Les chiffres, calculés par paroisse, permettent de dresser des cartes géographiques de l'impôt et, donc, de la richesse de revenu des classes moyennes, pondérée par la densité de population au kilomètre carré. Un ensemble de cartes statistiques permet ainsi de se faire une idée précise de la sociologie de cette partie de la Bretagne. Des documents jusqu'ici inédits font découvrir le poids déjà important des tissages de Lamballe et de Quintin, qui prendront leur plein essor au XVIIe siècle, deux cents ans plus tard.

Comme les nobles y sont traités à part, c'est aussi l'occasion de rédiger le plus ancien nobiliaire universel de Bretagne, d'y ajouter des réflexions héraldiques du plus haut intérêt, où se dégage peu à peu un trait majeur : le poids des événements politiques du XIIIe siècle dans les règles d'adoption d'armoiries aux XIVe et XVe siècles.

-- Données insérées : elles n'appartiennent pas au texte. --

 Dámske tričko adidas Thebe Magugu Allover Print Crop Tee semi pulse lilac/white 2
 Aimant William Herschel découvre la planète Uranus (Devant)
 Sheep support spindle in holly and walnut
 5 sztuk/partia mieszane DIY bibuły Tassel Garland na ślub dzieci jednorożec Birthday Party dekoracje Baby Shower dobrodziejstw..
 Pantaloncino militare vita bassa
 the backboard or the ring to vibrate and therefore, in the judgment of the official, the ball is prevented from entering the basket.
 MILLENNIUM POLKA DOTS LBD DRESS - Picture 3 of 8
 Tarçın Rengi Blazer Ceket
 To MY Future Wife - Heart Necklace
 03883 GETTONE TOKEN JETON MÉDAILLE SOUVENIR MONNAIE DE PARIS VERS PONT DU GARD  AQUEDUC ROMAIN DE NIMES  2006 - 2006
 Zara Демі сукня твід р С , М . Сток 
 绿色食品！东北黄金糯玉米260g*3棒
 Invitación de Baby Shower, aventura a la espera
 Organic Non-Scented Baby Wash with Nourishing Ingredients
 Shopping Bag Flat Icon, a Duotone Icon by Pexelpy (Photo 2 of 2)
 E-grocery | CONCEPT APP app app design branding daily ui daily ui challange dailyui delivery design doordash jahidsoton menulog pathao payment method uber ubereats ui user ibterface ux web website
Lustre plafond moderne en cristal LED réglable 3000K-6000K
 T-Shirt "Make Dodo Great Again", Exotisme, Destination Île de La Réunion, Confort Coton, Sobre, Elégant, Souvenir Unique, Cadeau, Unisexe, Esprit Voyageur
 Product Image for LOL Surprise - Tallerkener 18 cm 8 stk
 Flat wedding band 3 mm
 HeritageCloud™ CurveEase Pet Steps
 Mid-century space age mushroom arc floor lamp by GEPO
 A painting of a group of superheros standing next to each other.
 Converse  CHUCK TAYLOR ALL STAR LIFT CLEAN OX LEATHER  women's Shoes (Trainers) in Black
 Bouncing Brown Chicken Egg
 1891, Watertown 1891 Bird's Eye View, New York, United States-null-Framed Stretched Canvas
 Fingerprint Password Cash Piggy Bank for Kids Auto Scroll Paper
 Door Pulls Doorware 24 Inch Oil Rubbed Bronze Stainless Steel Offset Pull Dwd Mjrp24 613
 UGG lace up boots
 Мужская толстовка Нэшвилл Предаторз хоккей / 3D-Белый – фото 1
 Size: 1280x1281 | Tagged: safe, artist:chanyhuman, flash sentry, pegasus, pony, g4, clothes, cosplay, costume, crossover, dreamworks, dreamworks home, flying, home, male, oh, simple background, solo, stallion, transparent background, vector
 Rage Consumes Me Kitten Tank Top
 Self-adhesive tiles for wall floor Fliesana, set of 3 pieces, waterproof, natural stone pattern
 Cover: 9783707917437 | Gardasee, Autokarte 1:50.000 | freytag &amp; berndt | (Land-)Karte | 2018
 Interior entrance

Le tout est illustré de nombreuses photos de monuments médiévaux et, en fin de volume, de cahiers en couleur regroupant près de 470 écus de familles nobles recensées dans ce document, plus d'une sur deux, ce volume étant d'ailleurs celui de tous les records parce que les nobles y recensés sont plus de 1400, contre 750 en Cornouaille, 900 en Tréguier, 1000 en Saint-Malo par exemple.

En cette année de Brexit, il m'a paru pertinent de demander à Michael Jones, professeur émérite à l'université de Birmingham, spécialiste du pouvoir breton de cette époque, de retracer les relations de la Bretagne et de l'Angleterre dans les derniers siècles du Moyen Âge et leur impact sur ce document. Le Royaume-Uni est le plus vieil et plus universel allié de la France, ce qui, d'ailleurs, ne devrait pas conduire son chef de gouvernement à recevoir des candidats à l'actuelle élection présidentielle, une ingérence inacceptable à mon avis.

Paru aux Éditions de la Pérenne, 480 pages et une carte hors texte, 420 Euros.